TASK DIRECTIONS = Write out each line of the material exactly as given, and drop the images.

RECORDED DATA =

—————

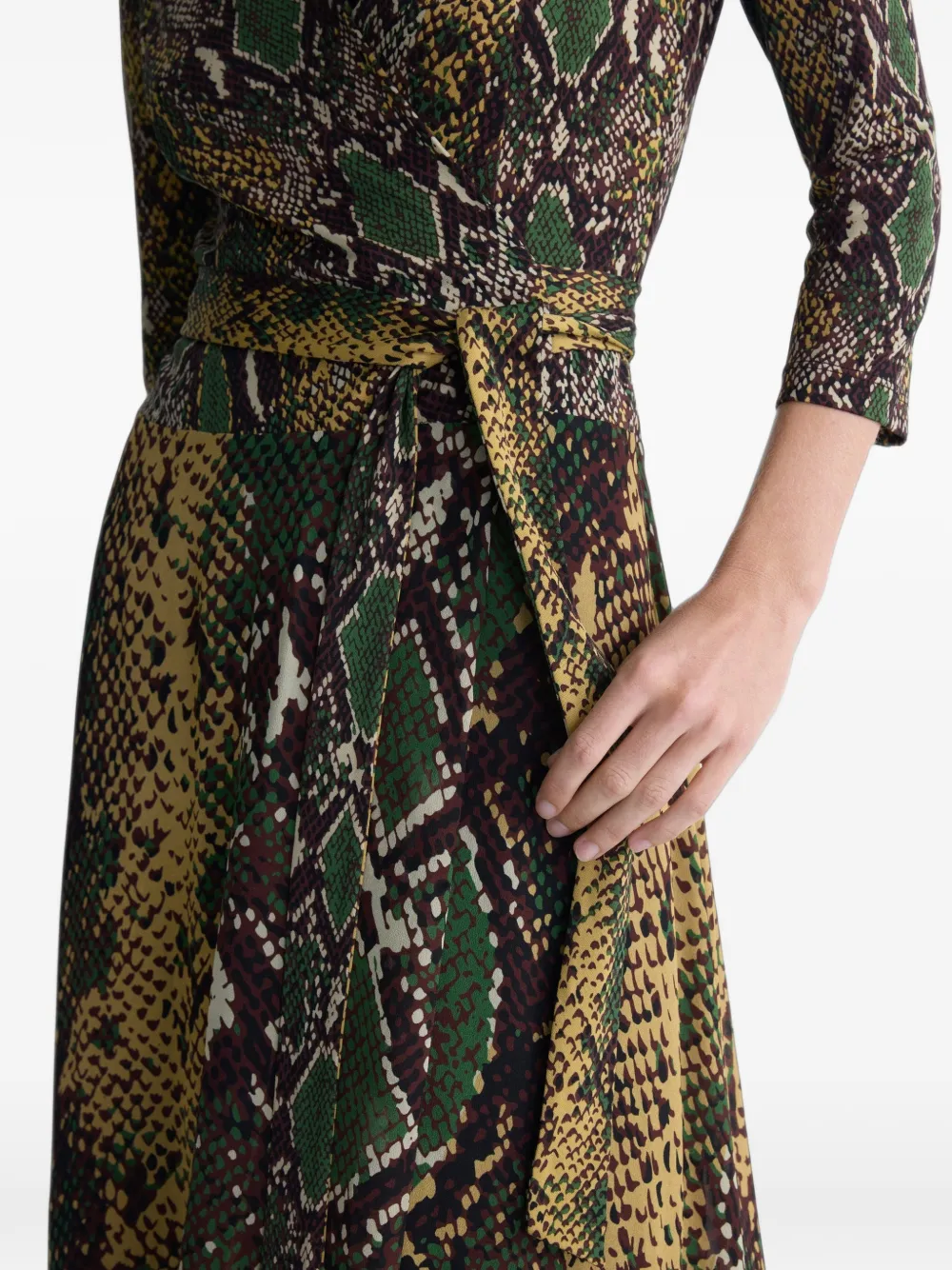 Dvf Vintage Irina snake-print wrap midi dress Bruin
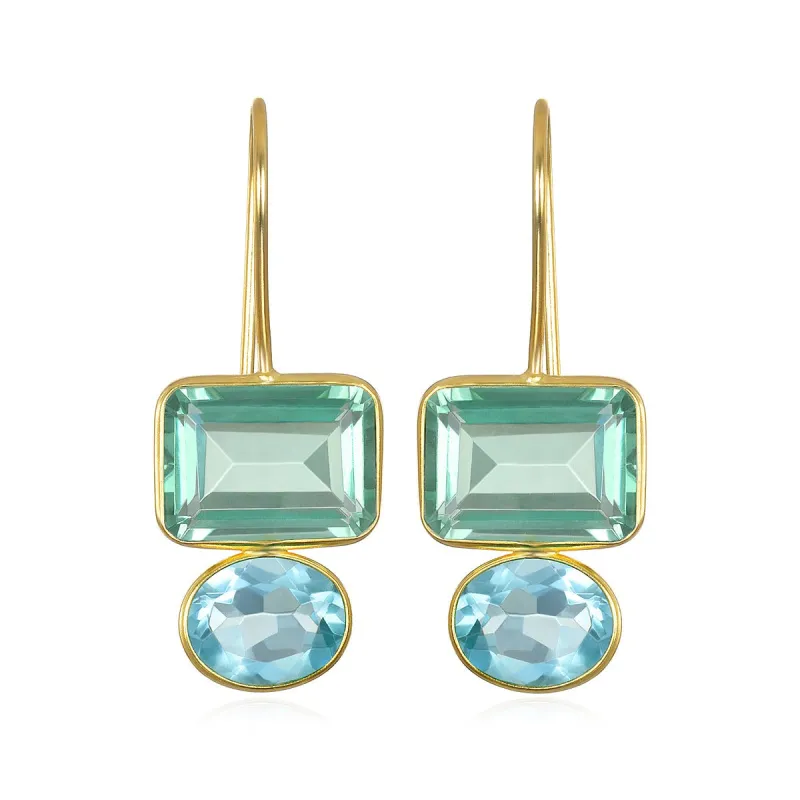 Valencia Earring-Aquamarine & Sky Blue Gold made by Amelia Rose Design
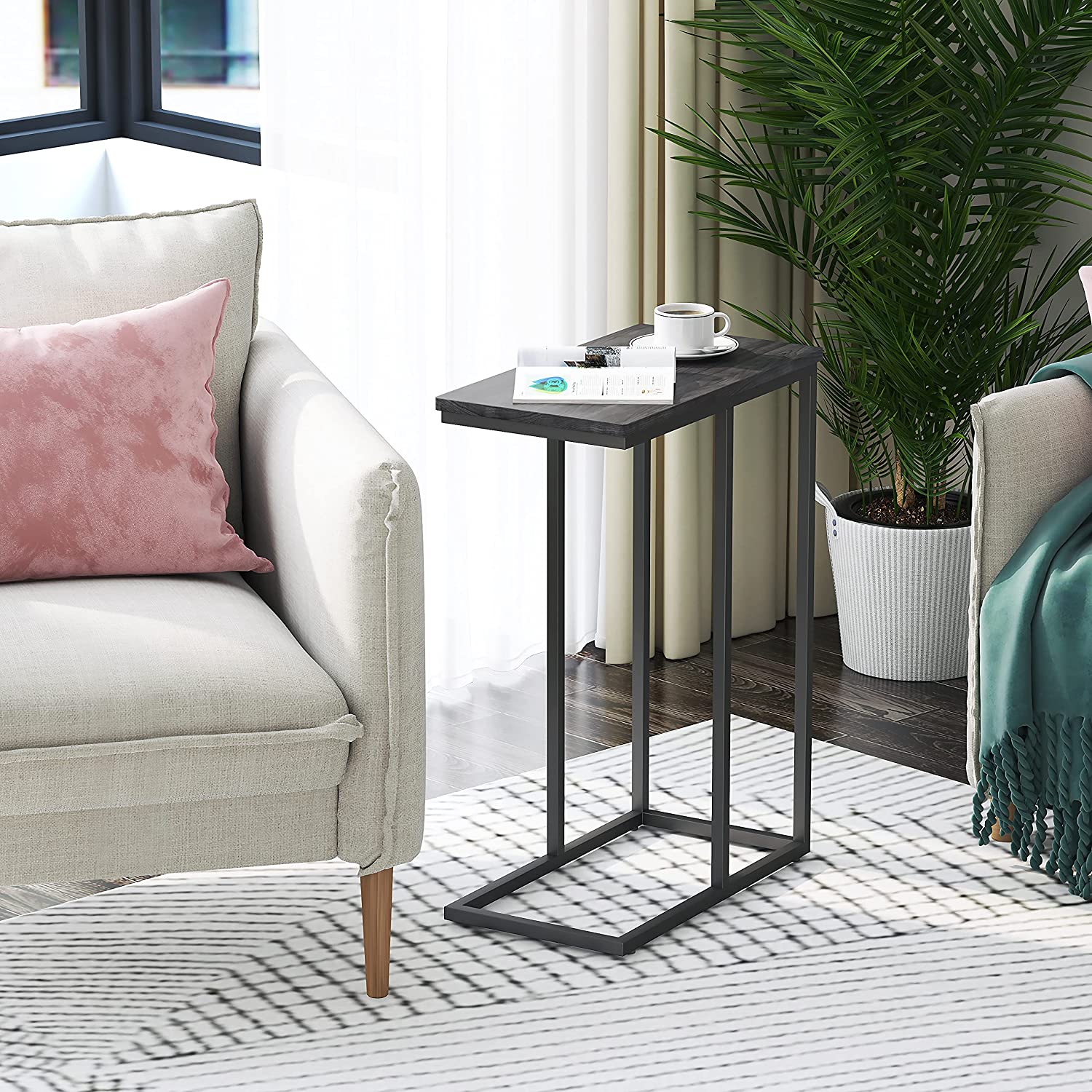 Grey c shaped store side table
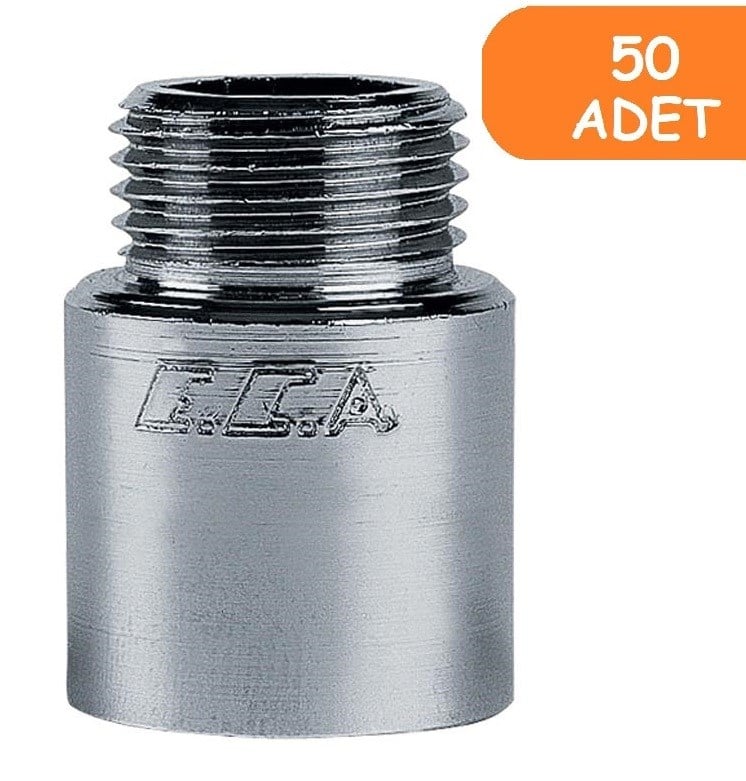 50 Adet ECA 1/2  2,5cm Uzatma Krom (Musluk Uzatma) 102134016 Pirinç E.C.A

—————

SOLUTION FOR THIS EXERCISE =
 Dvf Vintage Irina snake-print wrap midi dress Bruin
 Valencia Earring-Aquamarine & Sky Blue Gold made by Amelia Rose Design
 Grey c shaped store side table
 50 Adet ECA 1/2  2,5cm Uzatma Krom (Musluk Uzatma) 102134016 Pirinç E.C.A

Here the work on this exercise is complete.